4. Así, pues, aunque la continencia «por el reino de los cielos» (la virginidad, el celibato) oriente la vida de las personas que la eligen libremente al margen del camino común de la vida conyugal y familiar, sin embargo, no queda sin significado para esta vida: por su estilo, su valor y su autenticidad evangélica. No olvidemos que la única clave para comprender la sacramentalidad del matrimonio es el amor nupcial de Cristo hacia la Iglesia (cfr Ef 5, 22-23): de Cristo, Hijo de la Virgen, el cual era Él mismo virgen, esto es, «eunuco por el reino de los cielos», en el sentido más perfecto del término. Nos convendrá volver sobre este tema más tarde.

5. Al final de estas reflexiones queda todavía un problema concreto: ¿De qué modo en el hombre, a quien «le ha sido concedida» la llamada a la continencia por el reino, se forma esta llamada basándose en la conciencia del significado nupcial del cuerpo en su masculinidad y feminidad, y, más aún, como fruto de esta conciencia? ¿De qué modo se forma o, mejor, se «transforma»? Esta pregunta es igualmente importante, tanto desde el punto de vista de la teología del cuerpo, como desde el punto de vista del desarrollo de la personalidad humana, que es de carácter personalista y carismático a la vez. Si quisiéramos responder a esta pregunta de modo exhaustivo -en la dimensión de todos los aspectos y de todos los problemas concretos que encierra- habría que hacer un estudio expreso sobre la relación entre el matrimonio y la virginidad y entre el matrimonio y el celibato.
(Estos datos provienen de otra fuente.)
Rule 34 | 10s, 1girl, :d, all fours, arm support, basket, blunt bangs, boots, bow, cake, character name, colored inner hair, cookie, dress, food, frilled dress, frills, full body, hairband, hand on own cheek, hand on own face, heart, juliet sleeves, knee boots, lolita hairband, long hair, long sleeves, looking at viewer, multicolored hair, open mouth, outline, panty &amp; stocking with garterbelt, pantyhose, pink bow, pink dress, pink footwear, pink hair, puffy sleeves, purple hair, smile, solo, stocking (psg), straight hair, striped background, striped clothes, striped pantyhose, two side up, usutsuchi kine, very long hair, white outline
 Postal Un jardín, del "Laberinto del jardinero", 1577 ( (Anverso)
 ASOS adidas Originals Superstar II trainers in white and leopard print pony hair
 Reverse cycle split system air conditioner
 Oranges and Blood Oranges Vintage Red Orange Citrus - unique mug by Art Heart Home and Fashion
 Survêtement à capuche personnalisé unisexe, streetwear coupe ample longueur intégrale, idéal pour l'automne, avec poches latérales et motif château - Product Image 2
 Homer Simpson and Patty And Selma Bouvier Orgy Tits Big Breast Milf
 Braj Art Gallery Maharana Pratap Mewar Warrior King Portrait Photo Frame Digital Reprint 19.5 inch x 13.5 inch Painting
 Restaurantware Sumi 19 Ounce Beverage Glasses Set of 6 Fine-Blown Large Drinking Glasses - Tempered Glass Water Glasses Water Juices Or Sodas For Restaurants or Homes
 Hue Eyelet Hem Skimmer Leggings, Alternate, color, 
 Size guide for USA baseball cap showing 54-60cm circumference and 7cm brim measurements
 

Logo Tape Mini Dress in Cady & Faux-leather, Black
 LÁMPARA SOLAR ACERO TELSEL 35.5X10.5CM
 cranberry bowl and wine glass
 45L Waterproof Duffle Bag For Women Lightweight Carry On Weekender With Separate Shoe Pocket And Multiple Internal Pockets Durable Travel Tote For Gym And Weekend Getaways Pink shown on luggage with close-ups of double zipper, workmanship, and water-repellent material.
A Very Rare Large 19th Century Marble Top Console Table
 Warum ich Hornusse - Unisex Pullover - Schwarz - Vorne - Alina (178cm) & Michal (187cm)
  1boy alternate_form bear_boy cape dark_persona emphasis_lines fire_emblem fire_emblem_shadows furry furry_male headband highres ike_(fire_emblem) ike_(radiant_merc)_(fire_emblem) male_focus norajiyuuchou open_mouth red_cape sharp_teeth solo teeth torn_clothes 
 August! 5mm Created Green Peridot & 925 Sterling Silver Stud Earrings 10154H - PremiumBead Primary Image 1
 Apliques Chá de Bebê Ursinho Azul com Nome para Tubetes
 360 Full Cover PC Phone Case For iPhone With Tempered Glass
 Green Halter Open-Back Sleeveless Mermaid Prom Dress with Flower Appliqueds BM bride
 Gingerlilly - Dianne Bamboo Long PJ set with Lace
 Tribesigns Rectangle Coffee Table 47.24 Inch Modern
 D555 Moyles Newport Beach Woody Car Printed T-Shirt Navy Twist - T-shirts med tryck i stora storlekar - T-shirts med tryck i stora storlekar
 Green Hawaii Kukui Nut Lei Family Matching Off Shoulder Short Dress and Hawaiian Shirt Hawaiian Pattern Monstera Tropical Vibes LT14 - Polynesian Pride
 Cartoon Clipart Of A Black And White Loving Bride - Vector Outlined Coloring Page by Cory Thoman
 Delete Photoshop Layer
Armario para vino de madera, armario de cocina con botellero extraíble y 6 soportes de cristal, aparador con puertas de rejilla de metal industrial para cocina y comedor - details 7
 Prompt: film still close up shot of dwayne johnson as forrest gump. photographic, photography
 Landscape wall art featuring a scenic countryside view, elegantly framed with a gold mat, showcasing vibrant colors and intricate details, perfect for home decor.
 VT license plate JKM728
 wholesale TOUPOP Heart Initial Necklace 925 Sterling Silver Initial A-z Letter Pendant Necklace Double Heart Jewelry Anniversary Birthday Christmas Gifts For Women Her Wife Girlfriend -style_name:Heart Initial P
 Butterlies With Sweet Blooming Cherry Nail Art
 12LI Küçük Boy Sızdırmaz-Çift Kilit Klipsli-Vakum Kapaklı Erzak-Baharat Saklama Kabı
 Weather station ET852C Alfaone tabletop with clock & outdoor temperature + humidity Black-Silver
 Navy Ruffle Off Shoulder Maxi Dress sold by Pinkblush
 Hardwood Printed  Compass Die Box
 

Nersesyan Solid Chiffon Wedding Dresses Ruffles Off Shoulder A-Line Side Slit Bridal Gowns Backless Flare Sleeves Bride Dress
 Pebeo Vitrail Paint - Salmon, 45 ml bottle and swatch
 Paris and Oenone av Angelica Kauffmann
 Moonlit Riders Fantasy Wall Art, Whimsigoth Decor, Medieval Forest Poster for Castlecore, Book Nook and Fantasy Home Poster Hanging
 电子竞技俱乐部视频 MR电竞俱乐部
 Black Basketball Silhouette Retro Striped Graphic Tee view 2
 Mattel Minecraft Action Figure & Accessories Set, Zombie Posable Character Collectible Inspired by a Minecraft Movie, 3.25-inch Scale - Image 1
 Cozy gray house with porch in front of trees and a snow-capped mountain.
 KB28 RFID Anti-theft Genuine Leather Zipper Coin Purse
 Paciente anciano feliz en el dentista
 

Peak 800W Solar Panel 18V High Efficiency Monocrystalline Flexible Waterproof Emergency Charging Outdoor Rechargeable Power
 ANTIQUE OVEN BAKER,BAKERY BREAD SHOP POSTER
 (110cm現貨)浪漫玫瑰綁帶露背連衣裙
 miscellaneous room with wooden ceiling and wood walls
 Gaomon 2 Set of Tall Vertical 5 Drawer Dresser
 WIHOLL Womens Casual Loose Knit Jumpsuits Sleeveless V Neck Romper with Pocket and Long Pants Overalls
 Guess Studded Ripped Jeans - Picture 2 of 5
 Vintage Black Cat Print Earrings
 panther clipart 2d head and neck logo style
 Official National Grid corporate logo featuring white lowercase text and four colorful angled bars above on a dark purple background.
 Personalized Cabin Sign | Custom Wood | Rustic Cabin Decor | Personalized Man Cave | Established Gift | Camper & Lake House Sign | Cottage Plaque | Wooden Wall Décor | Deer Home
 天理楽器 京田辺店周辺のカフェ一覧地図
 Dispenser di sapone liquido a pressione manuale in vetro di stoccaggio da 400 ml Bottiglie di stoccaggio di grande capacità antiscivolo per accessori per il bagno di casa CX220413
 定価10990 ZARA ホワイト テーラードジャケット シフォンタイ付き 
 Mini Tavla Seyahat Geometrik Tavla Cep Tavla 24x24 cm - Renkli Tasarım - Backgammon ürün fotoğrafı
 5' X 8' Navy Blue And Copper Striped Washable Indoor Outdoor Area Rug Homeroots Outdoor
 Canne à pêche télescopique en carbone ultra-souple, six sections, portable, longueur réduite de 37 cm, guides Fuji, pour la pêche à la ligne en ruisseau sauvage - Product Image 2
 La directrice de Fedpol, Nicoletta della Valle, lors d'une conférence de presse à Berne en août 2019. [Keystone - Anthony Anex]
Pero esto excedería los límites de las presentes consideraciones.

6. Permaneciendo en el ámbito de las palabras de Cristo según Mateo (19, 11-12), es preciso concluir nuestras reflexiones, afirmando lo siguiente. Primero: si la continencia «por el reino de los cielos» significa indudablemente una renuncia, esta renuncia es al mismo tiempo una afirmación: la que se deriva del descubrimiento del «don», esto es, el descubrimiento, a la vez, de una perspectiva de la realización personal de sí mismo «a través de un don sincero de sí» (Gaudium et spes, 24); este descubrimiento está, pues, en una profunda armonía interior con el sentido del significado nupcial del cuerpo, vinculado «desde el principio» a la masculinidad o feminidad del hombre como sujeto personal. Segundo: aunque la continencia «por el reino de los cielos» se identifique con la renuncia al matrimonio -el cual en la vida de un hombre y una mujer da origen a la familia-, no se puede en modo alguno ver en ella una negación del valor esencial del matrimonio; más bien, por el contrario, la continencia sirve indirectamentepara poner de relieve lo que en la vocación conyugal es perenne y más profundamente personal, lo que en las dimensiones de la temporalidad (y a la vez en la perspectiva del «otro mundo») corresponde a la dignidad de la entrega personal, vinculada al significado nupcial del cuerpo en su masculinidad y feminidad.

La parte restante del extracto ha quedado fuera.